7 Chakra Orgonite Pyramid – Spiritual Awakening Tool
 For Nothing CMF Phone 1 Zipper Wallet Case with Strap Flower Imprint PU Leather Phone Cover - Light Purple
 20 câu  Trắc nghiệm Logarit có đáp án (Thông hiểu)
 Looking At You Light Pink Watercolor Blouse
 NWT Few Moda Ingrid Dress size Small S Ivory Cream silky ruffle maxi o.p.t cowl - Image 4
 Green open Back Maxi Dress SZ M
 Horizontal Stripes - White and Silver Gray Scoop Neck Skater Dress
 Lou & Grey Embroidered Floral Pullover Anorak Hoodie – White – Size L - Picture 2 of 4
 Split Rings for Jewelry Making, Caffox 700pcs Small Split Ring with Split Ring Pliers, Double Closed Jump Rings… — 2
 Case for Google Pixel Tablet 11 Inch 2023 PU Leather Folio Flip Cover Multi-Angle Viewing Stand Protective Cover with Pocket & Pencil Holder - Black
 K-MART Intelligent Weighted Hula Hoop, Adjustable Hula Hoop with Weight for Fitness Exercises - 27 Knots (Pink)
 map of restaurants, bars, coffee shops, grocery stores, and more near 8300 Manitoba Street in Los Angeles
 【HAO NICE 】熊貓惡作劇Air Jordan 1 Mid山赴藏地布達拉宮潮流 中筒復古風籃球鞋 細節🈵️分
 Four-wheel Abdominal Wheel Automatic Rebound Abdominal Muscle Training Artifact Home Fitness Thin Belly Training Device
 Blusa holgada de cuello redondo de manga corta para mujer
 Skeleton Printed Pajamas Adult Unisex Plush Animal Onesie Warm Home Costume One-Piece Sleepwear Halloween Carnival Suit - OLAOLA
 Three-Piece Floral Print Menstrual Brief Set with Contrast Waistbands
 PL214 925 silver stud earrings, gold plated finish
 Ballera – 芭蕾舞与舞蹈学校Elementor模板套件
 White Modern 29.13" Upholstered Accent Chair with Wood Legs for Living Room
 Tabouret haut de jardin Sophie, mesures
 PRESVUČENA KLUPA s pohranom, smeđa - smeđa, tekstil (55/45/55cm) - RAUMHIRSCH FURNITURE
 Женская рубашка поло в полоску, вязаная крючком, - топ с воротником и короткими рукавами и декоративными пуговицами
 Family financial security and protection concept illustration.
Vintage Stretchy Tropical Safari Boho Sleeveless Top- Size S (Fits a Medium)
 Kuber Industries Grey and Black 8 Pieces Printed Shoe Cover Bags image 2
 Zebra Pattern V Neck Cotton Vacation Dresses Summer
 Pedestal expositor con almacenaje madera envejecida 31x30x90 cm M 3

> **THE PROBLEM**
The records need to be copied exactly, with no line left out.

> **REPLY**
7 Chakra Orgonite Pyramid – Spiritual Awakening Tool
 For Nothing CMF Phone 1 Zipper Wallet Case with Strap Flower Imprint PU Leather Phone Cover - Light Purple
 20 câu  Trắc nghiệm Logarit có đáp án (Thông hiểu)
 Looking At You Light Pink Watercolor Blouse
 NWT Few Moda Ingrid Dress size Small S Ivory Cream silky ruffle maxi o.p.t cowl - Image 4
 Green open Back Maxi Dress SZ M
 Horizontal Stripes - White and Silver Gray Scoop Neck Skater Dress
 Lou & Grey Embroidered Floral Pullover Anorak Hoodie – White – Size L - Picture 2 of 4
 Split Rings for Jewelry Making, Caffox 700pcs Small Split Ring with Split Ring Pliers, Double Closed Jump Rings… — 2
 Case for Google Pixel Tablet 11 Inch 2023 PU Leather Folio Flip Cover Multi-Angle Viewing Stand Protective Cover with Pocket & Pencil Holder - Black
 K-MART Intelligent Weighted Hula Hoop, Adjustable Hula Hoop with Weight for Fitness Exercises - 27 Knots (Pink)
 map of restaurants, bars, coffee shops, grocery stores, and more near 8300 Manitoba Street in Los Angeles
 【HAO NICE 】熊貓惡作劇Air Jordan 1 Mid山赴藏地布達拉宮潮流 中筒復古風籃球鞋 細節🈵️分
 Four-wheel Abdominal Wheel Automatic Rebound Abdominal Muscle Training Artifact Home Fitness Thin Belly Training Device
 Blusa holgada de cuello redondo de manga corta para mujer
 Skeleton Printed Pajamas Adult Unisex Plush Animal Onesie Warm Home Costume One-Piece Sleepwear Halloween Carnival Suit - OLAOLA
 Three-Piece Floral Print Menstrual Brief Set with Contrast Waistbands
 PL214 925 silver stud earrings, gold plated finish
 Ballera – 芭蕾舞与舞蹈学校Elementor模板套件
 White Modern 29.13" Upholstered Accent Chair with Wood Legs for Living Room
 Tabouret haut de jardin Sophie, mesures
 PRESVUČENA KLUPA s pohranom, smeđa - smeđa, tekstil (55/45/55cm) - RAUMHIRSCH FURNITURE
 Женская рубашка поло в полоску, вязаная крючком, - топ с воротником и короткими рукавами и декоративными пуговицами
 Family financial security and protection concept illustration.
Vintage Stretchy Tropical Safari Boho Sleeveless Top- Size S (Fits a Medium)
 Kuber Industries Grey and Black 8 Pieces Printed Shoe Cover Bags image 2
 Zebra Pattern V Neck Cotton Vacation Dresses Summer
 Pedestal expositor con almacenaje madera envejecida 31x30x90 cm M 3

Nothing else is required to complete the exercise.